Spiny Crawlers (Ephemerellidae): A Summary of the Year's Findings

Let's begin by reviewing a couple of things.  1) Peckarsky,, Freshwater Macroinvertebrates of Northeastern North America, pp. 26-29, key out 6 spiny crawler genera: Drunella, Ephemerella, Serratella, Dannella, Attenella, and Eurylophella.   Of these, I have found 4 in the streams I explore -- I have not seen Dannella and Attenella.   I'd like to find all 6 genera, so I intend to poke around in some new streams next spring.

2) The spiny crawlers in the 4 genera I've found all have gills on top of abdominal segments 4-7.  But the gill on 7 is always partially covered, and in the genus Eurylophella, the gills on 7 and 6 are both covered by the large operculate gills on segments 4 and 5.  (First photo below -- abdomen of Serratella: second photo below -- abdomen of Eurylophella.)

Now let me present my findings for 2011 in chronological order.

I. genus Ephemerella

1. E. subvaria

On January 19th, I found two E. subvaria nymphs in the Rapidan River in Madison County.   E. subvaria nymphs are brilliantly colored, and I've not seen them in any of the other streams that I sample.
They produce the "Hendrickson" hatch for fly fishermen, usually hatching sometime in mid-April (Knopp and Cormier, pp. 195-202).  I found more E. subvaria nymphs in the Rapidan on 2/23, and again -- but for the last time -- on 3/24.  Pictures from 1/9 and 3/24 are posted below.

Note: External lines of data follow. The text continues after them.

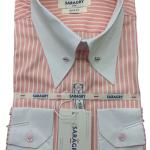 Mens selapino shirt
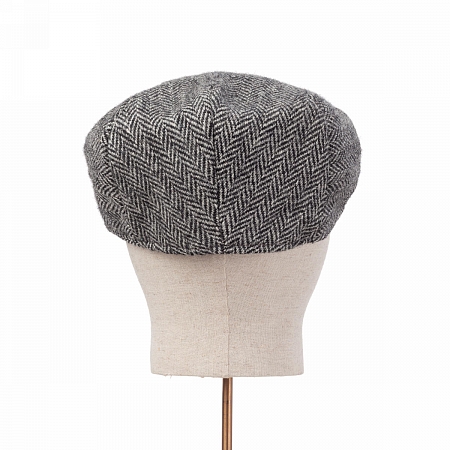 Hanna Hats Daithi C001L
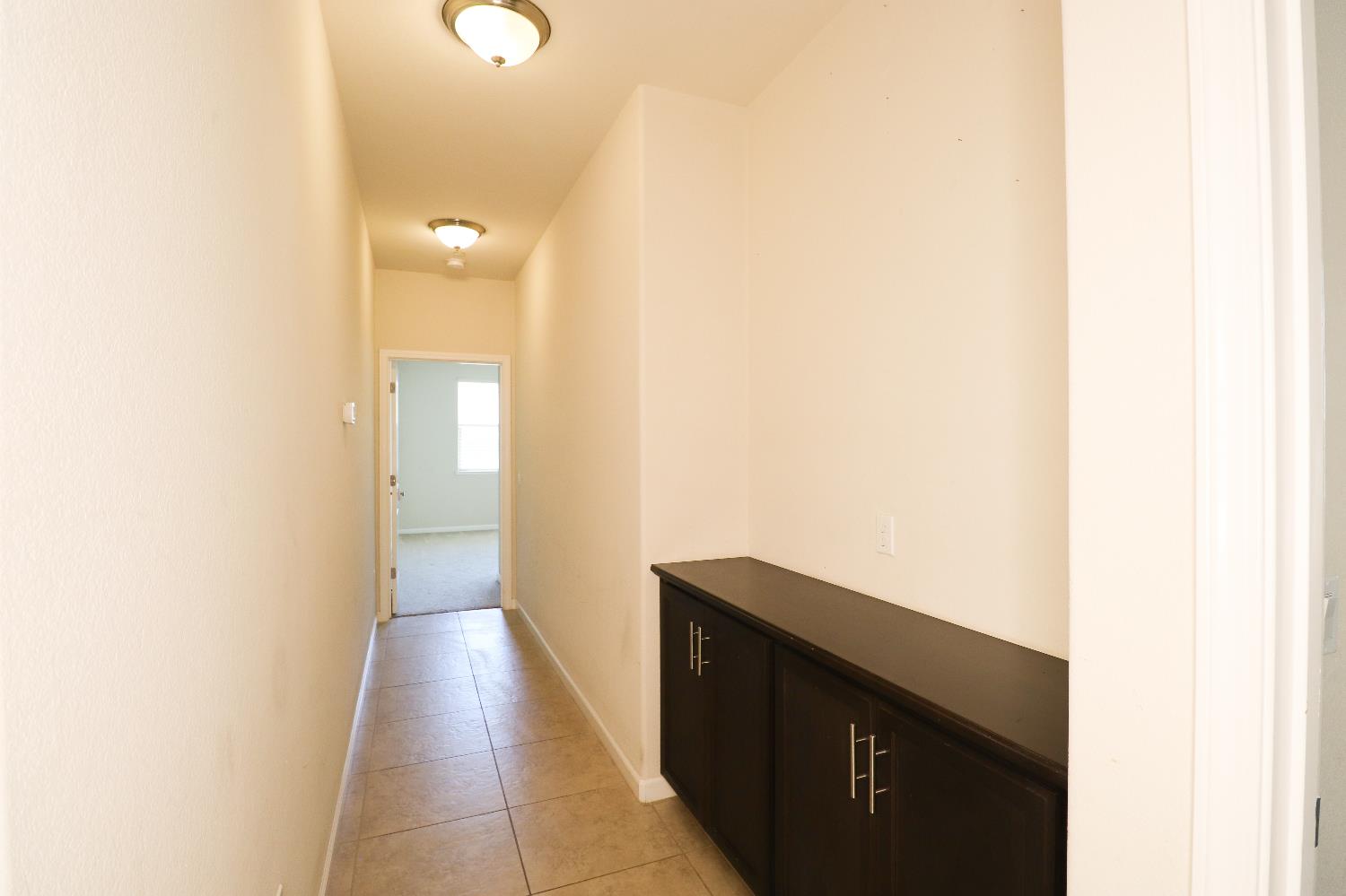 Detail Gallery Image 20 of 32 For 1455 Rock Springs Ave, Manteca,  CA 95337 - 4 Beds | 3 Baths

Since by January the nymphs of this species are already fairly mature, they are obviously growing up in  the fall.  And lo and behold, I found a tiny E. subvaria nymph on a trip to the Rapidan River last month (9/12)!  He's got a long way to go.

2. E. dorothea

Most spiny crawlers we see in our streams are, in species,  Ephemerella dorothea.  During the three months of spring -- March, April, and May -- our streams are loaded with them.  They can dominate stream populations -- during their season -- like no other taxon, with the possible exception of black fly larvae during the winter.  The nymph in the photo at the top of the page was found on 5/18 in a small stream that flows into the Moormans in Sugar Hollow.  The three pictured below were found on 3/18 at the Whippoorwill Branch of the Mechums, 4/11 at the Rapidan River, and  4/23 in Buck Mt. Creek.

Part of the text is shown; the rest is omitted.